DATASET CONTENT —
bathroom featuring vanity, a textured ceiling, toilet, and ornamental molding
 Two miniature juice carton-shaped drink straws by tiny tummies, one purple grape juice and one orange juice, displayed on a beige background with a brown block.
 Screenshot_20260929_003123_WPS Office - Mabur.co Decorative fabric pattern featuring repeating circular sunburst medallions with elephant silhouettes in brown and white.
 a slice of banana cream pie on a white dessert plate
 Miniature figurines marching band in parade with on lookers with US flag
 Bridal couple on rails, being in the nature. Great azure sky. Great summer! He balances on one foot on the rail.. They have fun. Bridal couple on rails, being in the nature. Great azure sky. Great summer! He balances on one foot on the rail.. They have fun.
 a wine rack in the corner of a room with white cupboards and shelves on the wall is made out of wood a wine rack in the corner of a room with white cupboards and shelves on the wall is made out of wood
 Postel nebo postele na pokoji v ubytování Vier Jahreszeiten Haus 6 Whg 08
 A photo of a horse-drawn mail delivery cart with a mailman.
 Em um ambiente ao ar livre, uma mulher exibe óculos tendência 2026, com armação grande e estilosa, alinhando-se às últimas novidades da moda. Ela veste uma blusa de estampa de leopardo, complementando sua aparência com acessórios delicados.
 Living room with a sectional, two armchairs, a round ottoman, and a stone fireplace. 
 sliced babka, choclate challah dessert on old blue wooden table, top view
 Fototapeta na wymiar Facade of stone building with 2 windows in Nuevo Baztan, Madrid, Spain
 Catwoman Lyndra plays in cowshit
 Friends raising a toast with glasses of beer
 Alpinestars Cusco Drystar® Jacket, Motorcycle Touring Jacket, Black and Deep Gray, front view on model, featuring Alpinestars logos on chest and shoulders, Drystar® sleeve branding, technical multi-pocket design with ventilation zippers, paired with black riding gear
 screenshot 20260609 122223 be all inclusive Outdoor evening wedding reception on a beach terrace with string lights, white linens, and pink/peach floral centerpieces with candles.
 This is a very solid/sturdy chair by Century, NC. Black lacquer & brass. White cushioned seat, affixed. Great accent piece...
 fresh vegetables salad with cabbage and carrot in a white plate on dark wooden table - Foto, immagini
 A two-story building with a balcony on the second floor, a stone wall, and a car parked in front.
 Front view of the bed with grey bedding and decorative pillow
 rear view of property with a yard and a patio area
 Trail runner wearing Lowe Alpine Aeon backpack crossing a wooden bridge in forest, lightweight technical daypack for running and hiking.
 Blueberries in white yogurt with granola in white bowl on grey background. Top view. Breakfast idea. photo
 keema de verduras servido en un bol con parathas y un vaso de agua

WHAT IS EXPECTED — The entries above must be returned exactly.

RESPONSE TO THIS TASK —
bathroom featuring vanity, a textured ceiling, toilet, and ornamental molding
 Two miniature juice carton-shaped drink straws by tiny tummies, one purple grape juice and one orange juice, displayed on a beige background with a brown block.
 Screenshot_20260929_003123_WPS Office - Mabur.co Decorative fabric pattern featuring repeating circular sunburst medallions with elephant silhouettes in brown and white.
 a slice of banana cream pie on a white dessert plate
 Miniature figurines marching band in parade with on lookers with US flag
 Bridal couple on rails, being in the nature. Great azure sky. Great summer! He balances on one foot on the rail.. They have fun. Bridal couple on rails, being in the nature. Great azure sky. Great summer! He balances on one foot on the rail.. They have fun.
 a wine rack in the corner of a room with white cupboards and shelves on the wall is made out of wood a wine rack in the corner of a room with white cupboards and shelves on the wall is made out of wood
 Postel nebo postele na pokoji v ubytování Vier Jahreszeiten Haus 6 Whg 08
 A photo of a horse-drawn mail delivery cart with a mailman.
 Em um ambiente ao ar livre, uma mulher exibe óculos tendência 2026, com armação grande e estilosa, alinhando-se às últimas novidades da moda. Ela veste uma blusa de estampa de leopardo, complementando sua aparência com acessórios delicados.
 Living room with a sectional, two armchairs, a round ottoman, and a stone fireplace. 
 sliced babka, choclate challah dessert on old blue wooden table, top view
 Fototapeta na wymiar Facade of stone building with 2 windows in Nuevo Baztan, Madrid, Spain
 Catwoman Lyndra plays in cowshit
 Friends raising a toast with glasses of beer
 Alpinestars Cusco Drystar® Jacket, Motorcycle Touring Jacket, Black and Deep Gray, front view on model, featuring Alpinestars logos on chest and shoulders, Drystar® sleeve branding, technical multi-pocket design with ventilation zippers, paired with black riding gear
 screenshot 20260609 122223 be all inclusive Outdoor evening wedding reception on a beach terrace with string lights, white linens, and pink/peach floral centerpieces with candles.
 This is a very solid/sturdy chair by Century, NC. Black lacquer & brass. White cushioned seat, affixed. Great accent piece...
 fresh vegetables salad with cabbage and carrot in a white plate on dark wooden table - Foto, immagini
 A two-story building with a balcony on the second floor, a stone wall, and a car parked in front.
 Front view of the bed with grey bedding and decorative pillow
 rear view of property with a yard and a patio area
 Trail runner wearing Lowe Alpine Aeon backpack crossing a wooden bridge in forest, lightweight technical daypack for running and hiking.
 Blueberries in white yogurt with granola in white bowl on grey background. Top view. Breakfast idea. photo
 keema de verduras servido en un bol con parathas y un vaso de agua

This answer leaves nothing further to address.